How Tacit Collusion Makes Consumers Pay

The first study of its kind has revealed how petrol retailers can tacitly collude through their own price signalling

By Dr David Byrne, Centre for Market Design, University of Melbourne

Big business doesn’t need the cover of a quiet round of golf between executives to collude on prices. Indeed, they don’t even need to talk at all. By simply communicating through their prices they can, and are, lining their pockets at the consumer’s expense. And it is perfectly legal.

But now for the first time we have empirical evidence showing how this so-called “tacit collusion” works. My research, with Associate Professor Nicolas de Roos at The University of Sydney, analysed more than 1.7 million unique petrol price data points to show how tacit collusion among petrol retailers in Perth between 2010 and 2015 inflated the price motorists were paying to fill up their tanks, and helped increase profit margins in the range of 50 per cent.

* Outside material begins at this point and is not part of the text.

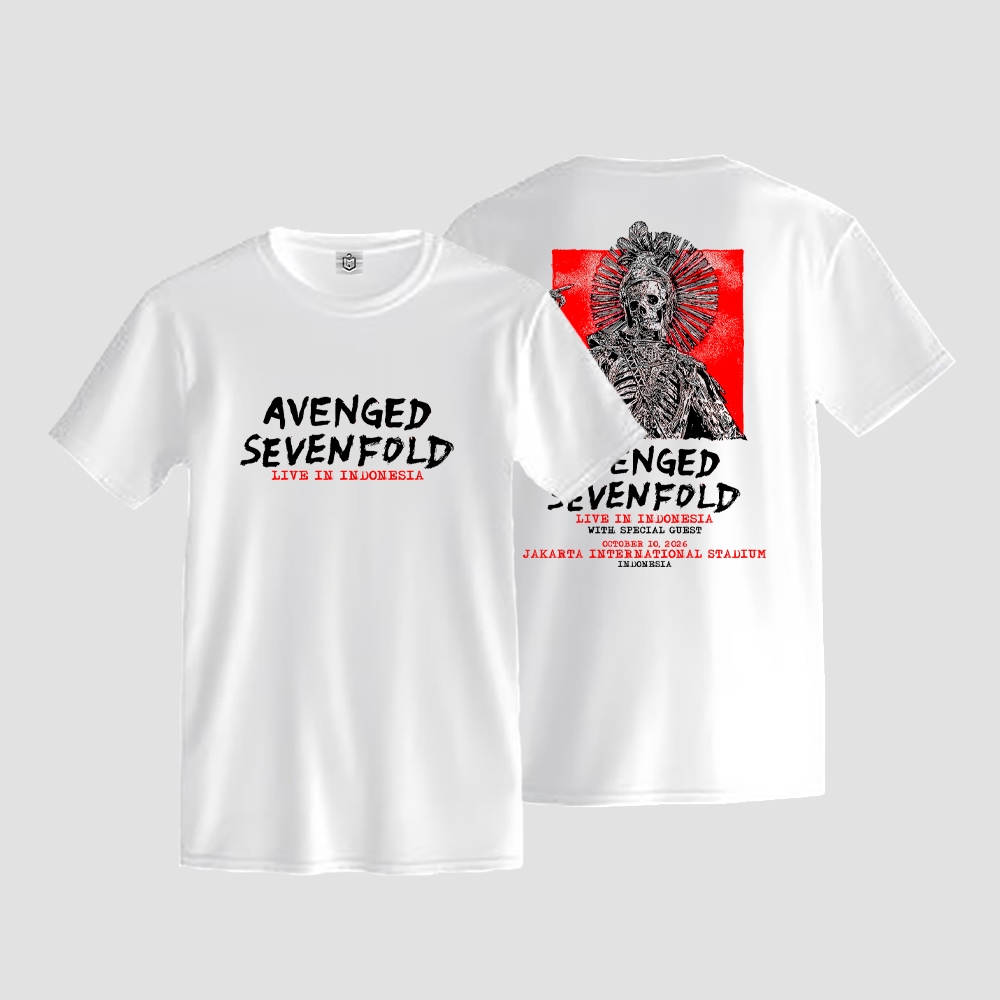 เสื้อยืดวงโลหะ Avenged Sevenfold - Live In In In In Indonesia 2026 T เสื้อ A7X Premium 24s เสื้อผ้าฝ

We are not suggesting the petrol retailers are engaged in explicit collusion. But the findings present an urgent new challenge for policy makers and the Australian Competition and Consumer Commission in dealing with markets that are dominated by just a few big players among many small ones. Big players can act like conductors, and smaller players can act like the orchestra, in coordinating on tacitly collusive pricing behaviour.

As part of our study we developed and analysed a unique dataset on retail pricing in the Perth petrol market in Western Australia. Using that we examined the evolution of competitive conduct and collusion in a retail market using every single retail price set over a 15-year period going back to 2001.

For Australian motorists it might not be news that petrol prices move in cycles. In Perth, the petrol price cycles work like clockwork - every Thursday prices jump by 15-20 cents per litre (cpl) and then are progressively cut back by 2 cpl per day until the next Thursday price jump when the cycle repeats itself.

Before 2010, all major petrol retailers in Perth – BP, Caltex, Woolworths, and Coles – as well as the smaller independent retailers like Gull, engaged in price jumps on all days of the week. But post 2010 we see a change. BP, the market leader, introduced Thursday price jumps. At first the price jumps were limited to the majority of its own stations, but soon we saw BP’s competitors conform to the Thursday jumps at different rates. After only two years, Thursday jumps were solidified as a focal point for setting market prices.

This tacit collusion softened price competition, resulting in higher profits for all firms involved, and higher prices for consumers. We found that between 2010 and 2015, retailers saw profit gains of up to 57% at the top of the price cycle; from 11.39 cpl to 17.87 cpl. That means consumers were paying up to 57% more to fill their car than five years earlier.

Profit increases seen at the bottom of the price cycle were even more stark. Before 2010 companies would compete profits away to near 0.71 cpl at the bottom of the cycle, but after 2010 the coordination leads to profits rising to 5.73 cpl at the bottom of the cycle, a near 700% increase in profits. The deals that once existed at the bottom of the cycle eventually disappeared as the companies were able to coordinate on higher profit margins over time.

These changes in profits imply roughly a 7 cpl transfer from the average consumer to the companies. If you own a Toyota Camry with a 70 litre fuel tank, then because of this collusive pricing, you are paying about $4.90 each time you fill up. If you fill up your tank twice a month, you are paying roughly $120 more per year in petrol costs, a substantial increase for most Australian families.

Our study has provided evidence of the ways through which collusion is possible without any form of explicit communication. As a dominant firm, BP is able to use its pricing to communicate with its rivals in a way that leads to higher prices and profits. What this means for policymakers is that any change in the structure of markets that gives way to a few dominant players, yields a setting that is ripe for dominant players to engage in price leadership and initiate tacit collusion, which we know is already happening in the petrol market.

It’s not all bad news. Data rich or “Big Data” environments like the one we study potentially present new opportunities for competition authorities to detect and investigate collusive behaviour. Historically, policymakers have used screens for collusion that detect cartels that have already formed. Our research provides new insight into the patterns to look for in data rich environments, namely price leadership and price experiments, to identify cartels during their incubation stage, not after they are already formed.